But Wells was writing about more than effects of class warfare: he was warning of the consequences of division. Wells told an interviewer that The Time Machine was about "the responsibility of men to mankind. Unless humanity hangs together, unless all strive for the species as a whole, we shall end in disaster."
Though the Eloi and Morlocks may be acting out of instinct at the time the Traveller visits them, they are the descendants of conscious humans who must have chosen to separate, and in a sense collaborated to divide. The winners and losers of their common world divided into different environments which they each reinforced with their own creations, and then they each adapted to the environments they created and accepted.
Each species is separate, and both are incomplete. This is the key to Wells' portrayal of them, as simplified and unattractive opposites. Locked in the eternal dark and clanging of machine hell, the morbid, moronic Morlocks are the sketch of death. The Eloi, the cloying elite, are parodies of life and light. The Morlocks are pure evil, the Eloi pure innocence, but neither has the power of demons or angels, or gods of the future. They are satires of parts of humanity and segments of society. And in a sense those parts are interchangeable.
If the Morlocks are satired satans and the Eloi are travesties of angels, the two species define each other. Symbolically as well as symbiotically, without each other they don't exist. And this may be the most savage point Wells makes-the Eloi and Morlock devolved as separate species because humanity divided. On what basis they divided is a secondary point-it might be class, or race, religion or gender. It is all based finally on the dualism of the superior and inferior, of Us and Them.
In Wells' time, social Darwinists seized on evolution as an excuse for cruelty, assuming that in "survival of the fittest," the fittest were the most heartless and brutal. The future that Wells' portrays takes that theory to its ultimate conclusion, by making the Eloi the literal lunchmeat of the Morlocks.

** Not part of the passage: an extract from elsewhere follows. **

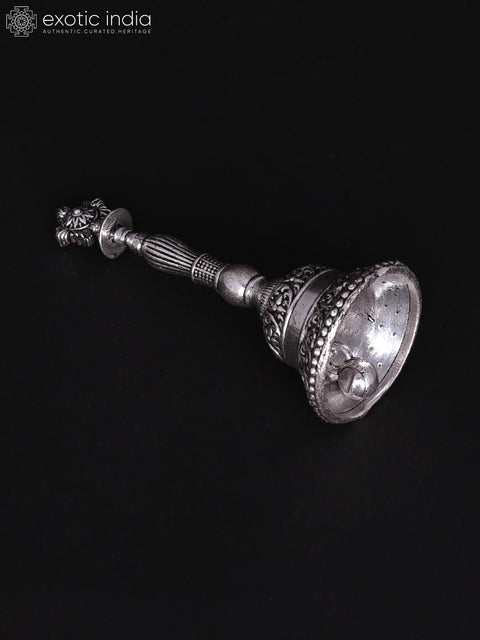 Superfine Vaishnava Chakra Bell in Brass with Silver Plating | Multiple Sizes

But while Wells (and his mentor Huxley) agreed that natural selection was heartless (which is no longer considered by all evolutionists as true), they both believed that what distinguished human beings was what we call their humanity. Human feeling and ethics repudiate what Huxley called "the gladiatorial theory of existence."
Wells' illustrates this when the Traveller is attacked by Morlocks, and feels great pleasure in killing them. Wells even uses the word "succulent" to describe the sensation of the Morlocks' destruction. But then when the Traveller realizes the Morlocks are helpless, he says "I struck no more of them." And again, when he is mourning the death of Weena (the young Eloi woman who was his companion) and considers revenge ("a massacre of the helpless abominations") he "contains" himself.
Literary critic John Huntington cites these as key examples of how the Traveller's humanity is different from these species: he can exert self-control. "It is his ability-a distinctly human ability-to bridge distinctions, to recognize an area of identity within a difference, that sets him apart...The Time Traveller is able to assert an ethical view in the face of the evolutionary competition that rules the future."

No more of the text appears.